The buffer tank is necessary under two conditions: when the flow through the emitters isn't enough to meet the minimum flow through the heat pump, and when the load from the emitters isn't enough to meet the minimum modulation of the heat pump. These conditions often come together, when no valves or only a few valves are open. When the buffer tank isn't necessary it impedes the efficiency; the 2-pipe circuit I've proposed is functionally the same as removing the buffer tank from the circuit.

"Most air-to-water heat pumps will start their circulator about two minutes before starting their compressor, to confirm adequate and stable flow."

The heat pumps I've worked with run the circulator continuously whether the compressor is on or not, because it's how they detect whether heating is needed.

"If the flow passes through thermal storage it will destroy beneficial temperature stratification."

That sounds like something a boiler guy would say. Heat pumps aren't just like boilers but noisier.

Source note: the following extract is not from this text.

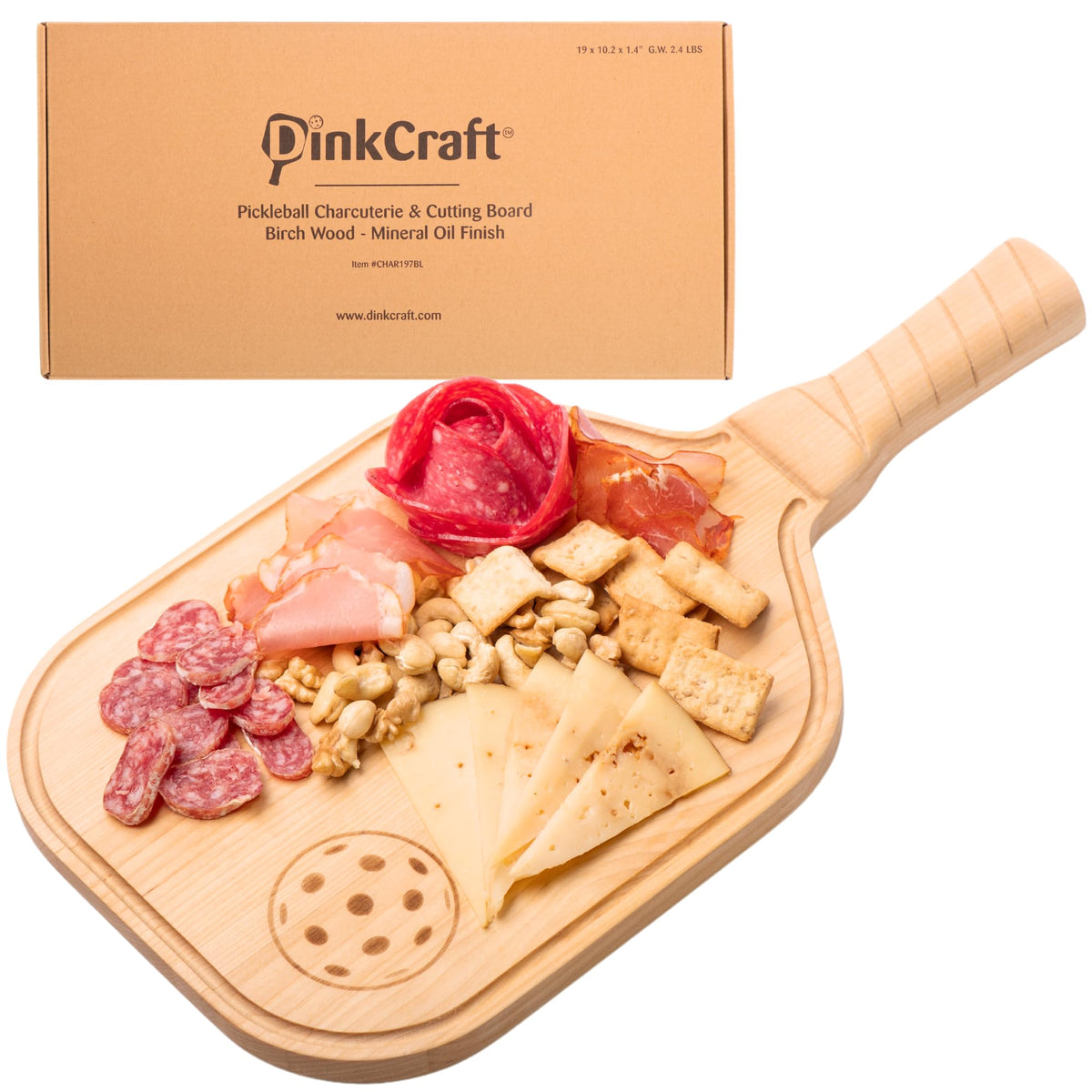 DinkCraft pickleball charcuterie board paddle shape for stylish serving at gatherings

but there are other reasons for a buffer tank with a HP. Chasing the off peak rates, depending on what a utility offers is the other purpose of a buffer. So I suppose you would need to look at what goals you are chasing.

Some examples from various utilities.

Seems to me with constant circulation through the HP and tank you would lose all stratification?

So the circulator dictates the operating condition of the HP? What brand is that?

Chasing the off-peak rates. OK, so Maine has off-peak from 8PM to 7AM. Let's say a house in Maine uses 30,000 BTU/hr in the daytime, so at night you need to store enough heat to last 13 hours, or 390,000 BTU. With a heat pump you're not going to be heating that water more than about 20F, so you need about 20,000 lbs of water, or 2400 gallons.

Obviously if the home has a 30,000 load 24/7 (day and night) at design, and a 30,000 actual output HP at design, you don't need any buffer as you will never have capacity to charge it? Nor will the HP short cycle.

I doubt that is a 365 day occurrence.

A buffer can and will supply these multiple functions, to varying degrees, when properly applied.

address short cycles

provide thermal storage, hot or cold

provide air& dirt separation, it's a low velocity zone

serve as a low loss header (properly piped)

The tank doesn't know or care what is supplying it, the concepts apply regardless. And stratification is real and important in the design.

You choose, or let the manufacturer chose for you :) which of these benefits make the most sense for the application and sizing of the tank.

I have a small Viessmann Vitocal 100AW , 1.5 ton HP system for my shop, on its way. I'll have more accurate data when I get it installed. It ships with a 20 gallon buffer, although all 3 sizes use the same 20 gallon tank. The buffer stacks on an indirect.

It will have solar thermal input, boiler back up, indirect & connected to a one zone radiant slab. I'm most interested in how much radiant cooling I can get away with in this very arid climate. But that testing opportunity leaves today, we have had 15 days over 80°F this month. Snow predicted tonight.

I generally agree. I'd add the caveat that it's colder overnight than during the day so the COP drops further. Just for the sake of argument, looking at Bangor, ME the average January high is 28F and the low is 11F. So it's not just 140F vs 96F, it's a delta of 129F (140-11) vs a delta of 68F (96-28). Almost double the delta is going to mean about half the COP.

And the point remains that even if a 500 gallon tank is doable, it's a completely different beast from the 17 gallon tank my system needs to prevent short-cycling.